▶ Task requirements: Begin with the line below holding "So we really" and go on through the line holding "The second half", duplicating each line exactly and leaving out pictures.

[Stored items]

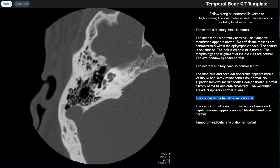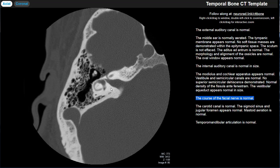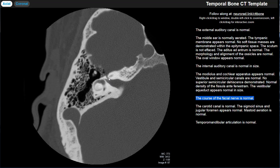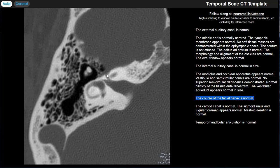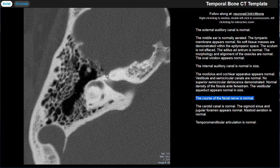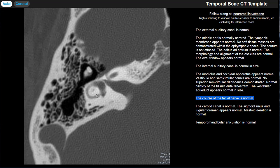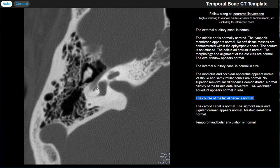Moving on to the facial nerve and its course. It comes out of the brainstem at the pontomedullary junction region, courses through the cerebellopontine angle cistern as the cisternal segment, then enters the internal auditory canal as the canalicular segment. It then pierces the otic capsule and courses above the cochlea — a short segment — before becoming the geniculate ganglion. Then it makes approximately a 270-degree turn and courses under the lateral semicircular canal as the tympanic segment.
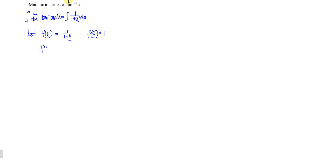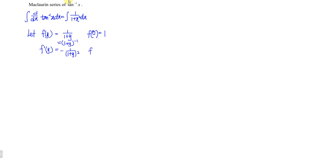Now we compute the first derivative. When we differentiate with respect to y, we bring down the power — the power is negative 1 — then power minus 1 gives minus 2, so we get negative 1 times (1 plus y) to the power of negative 2.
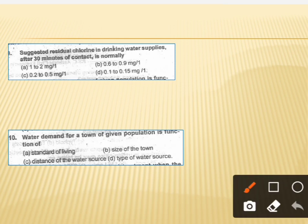The next question asks about the suggested residual chlorine in drinking water supply after 30 minutes of contact. The correct answer is option C, which is 0.2 to 0.5 mg per litre. In water supply treatment, this amount of chlorine is maintained in the supply pipe.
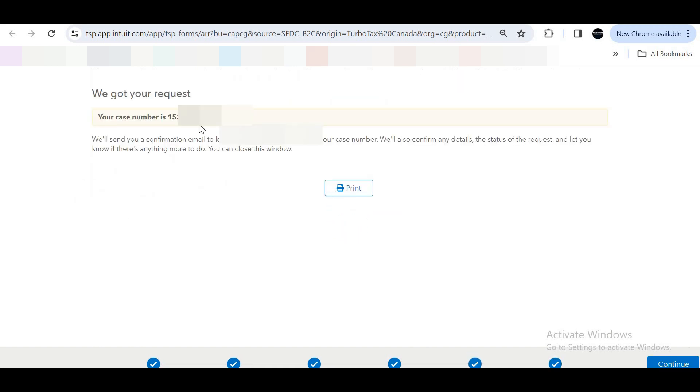Once you submit your account recovery request form, you will get a case number and also a confirmation email in your new email ID. It will take 24 to 48 business hours for your new email ID or phone number to get updated in your existing TurboTax account.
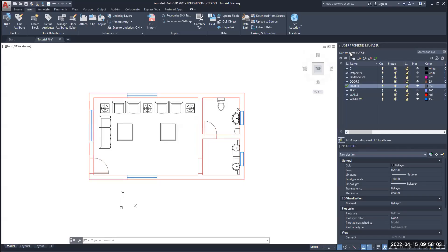Hello. Today we're going to be working with Rhino and we're going to have a step-by-step tutorial on how to build a 3D model out of a 2D plan drawn in AutoCAD.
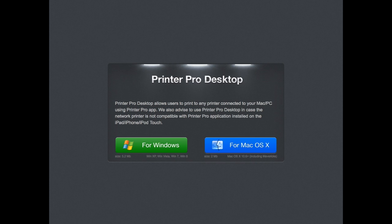So we really like Printer Pro here at AppChasers. Nice way to get a lot more options when printing a document, much more than just using the built-in AirPrint option. So this is AppChasers.com with our review of Printer Pro.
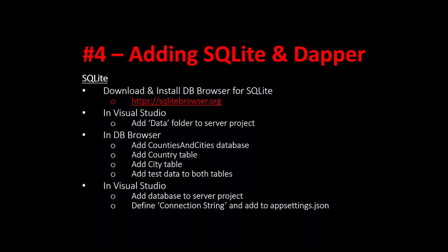So let's make a start and we'll download SQLite browser and install it. To do this we need to go to https://sqlitebrowser.org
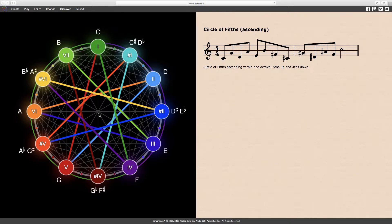The second half of the ascending circle of fifths is clearly minor. Continuing from the tritone G flat, we have the minor second D flat, the minor sixth A flat, the minor third E flat, the minor seventh B flat, the perfect fourth F, and the octave tonic C.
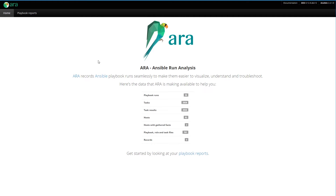Hello, David here with a quick demo of the ARA web application interface. So what's ARA? ARA records Ansible playbooks seamlessly to make them easier to visualize, understand, and troubleshoot. ARA doesn't run your playbooks — it integrates with Ansible wherever you run it.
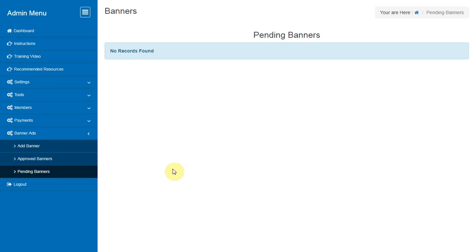Pending Banners. This section will show you the list of all pending banners and you can approve them after checking the contents.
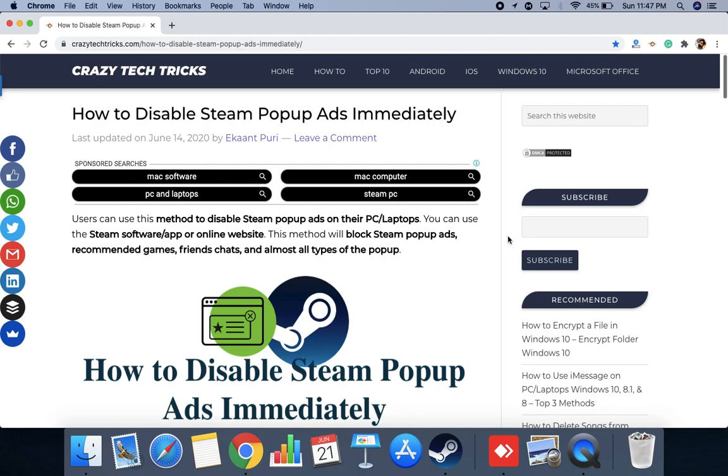Hello friends, welcome to Crazy Tech Tricks YouTube channel and this is our website crazytechtricks.com.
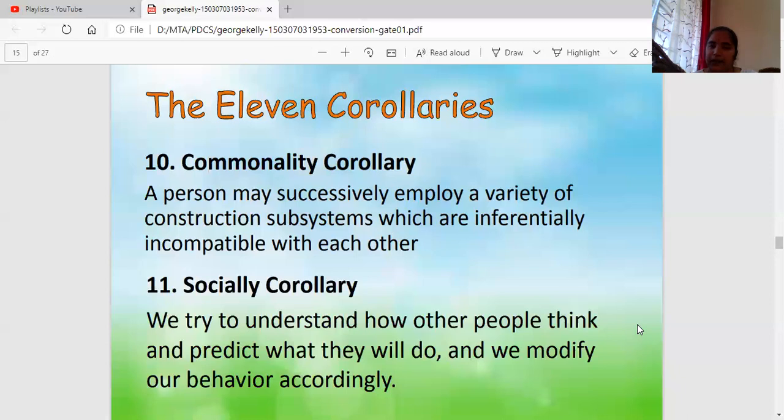In summary, Kelly says that by observation, past experience, and using these 11 corollaries, we try to behave in a particular manner based on the situation, what is right or wrong, and based on society. This is all about George Kelly's personality theory. Please raise any questions you have, and do comment on the video — comments will be considered as attendance. Have a good day, bye.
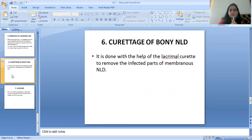The sixth step is the curettage of the bony nasolacrimal duct (NLD). It is done with the help of the lacrimal curette to remove the infected parts of the lacrimal NLD.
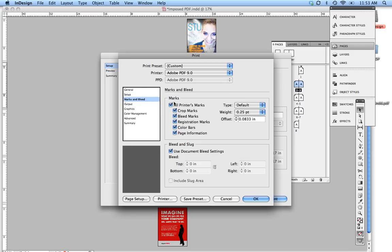Crop Marks and Bleeds, go ahead and check all your Crop Marks and Bleeds and use Document Bleed Setting, which is usually, sorry, .125, correction.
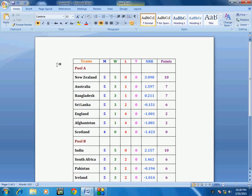Hey guys, welcome back again. This is MJ and here I am going to show you how to make changes in your table and give it a different look to make your table attractive in Microsoft Excel or Microsoft Word. So today I am going to show you in Microsoft Word.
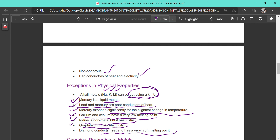For this class we will go up to the physical properties. In the next class we will be studying about the chemical properties of metals and non-metals. Thank you.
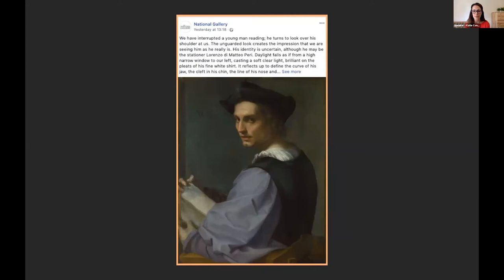The National Gallery example shows how leading with your story applies to images too. They don't mention the artist's name or how long the portrait has been in the gallery — they say: 'We have interrupted a young man reading. He turns over his shoulder to look at us.' They've gotten straight to the heart of what they've interpreted as the story behind the piece. That's a really arresting way to grab attention and get someone to continue to engage, far more so than adding backstory padding.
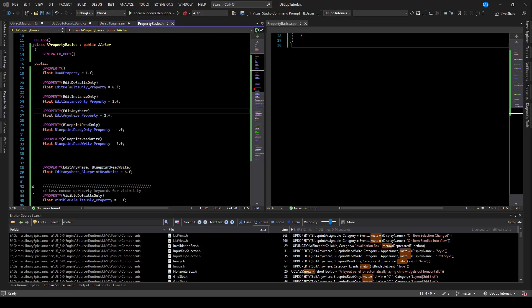We will continue exploring the basics of uProperties in a follow-up video. We'll see you next time. Bye.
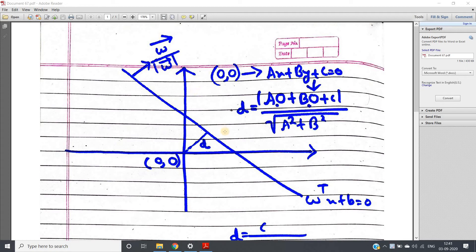Hello friends, welcome to our channel Knowledge Amplifier. In this video, I am going to show you the formula which gives us the distance between the origin and the hyperplane, which is basically used to separate two classes — one is positive, another one is negative; one is yes, another one is no.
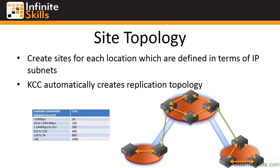So this concludes the lesson on Active Directory sites and subnets and really just defining your physical topology.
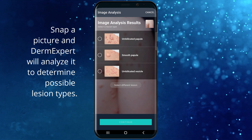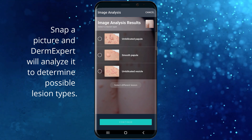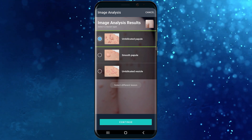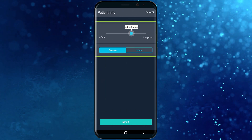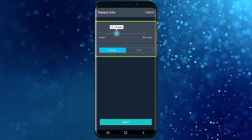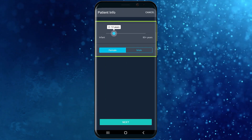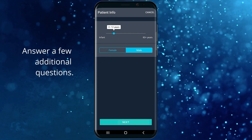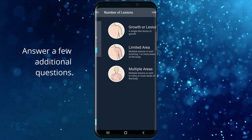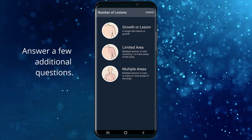Choose the correct type — in this situation, umbilicated papule. Adjust the patient information, then answer the workup questions as they appear in sequence.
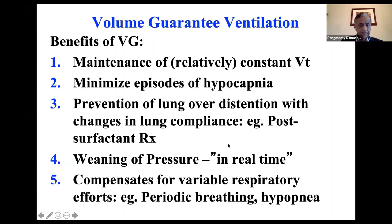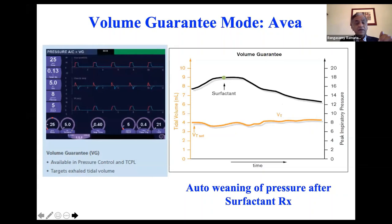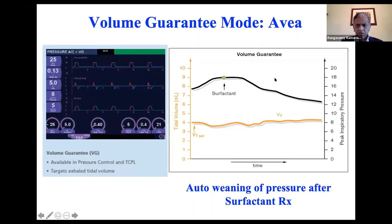Here on the Viasys ventilator: tidal volume is set at 4 mL/kg. Before surfactant, the ventilator was using about 18 centimeters PIP. Once surfactant is given and lung compliance improves, the ventilator automatically decreased PIP to 13 centimeters to deliver the same tidal volume of about 4 mL/kg. This demonstrates how volume guarantee mode works — you can set it up in either pressure control plus VG, or assist control plus VG mode.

▶ Your solution:
So we really like Printer Pro here at AppChasers. Nice way to get a lot more options when printing a document, much more than just using the built-in AirPrint option. So this is AppChasers.com with our review of Printer Pro.
So let's make a start and we'll download SQLite browser and install it. To do this we need to go to https://sqlitebrowser.org
The second half of the ascending circle of fifths is clearly minor. Continuing from the tritone G flat, we have the minor second D flat, the minor sixth A flat, the minor third E flat, the minor seventh B flat, the perfect fourth F, and the octave tonic C.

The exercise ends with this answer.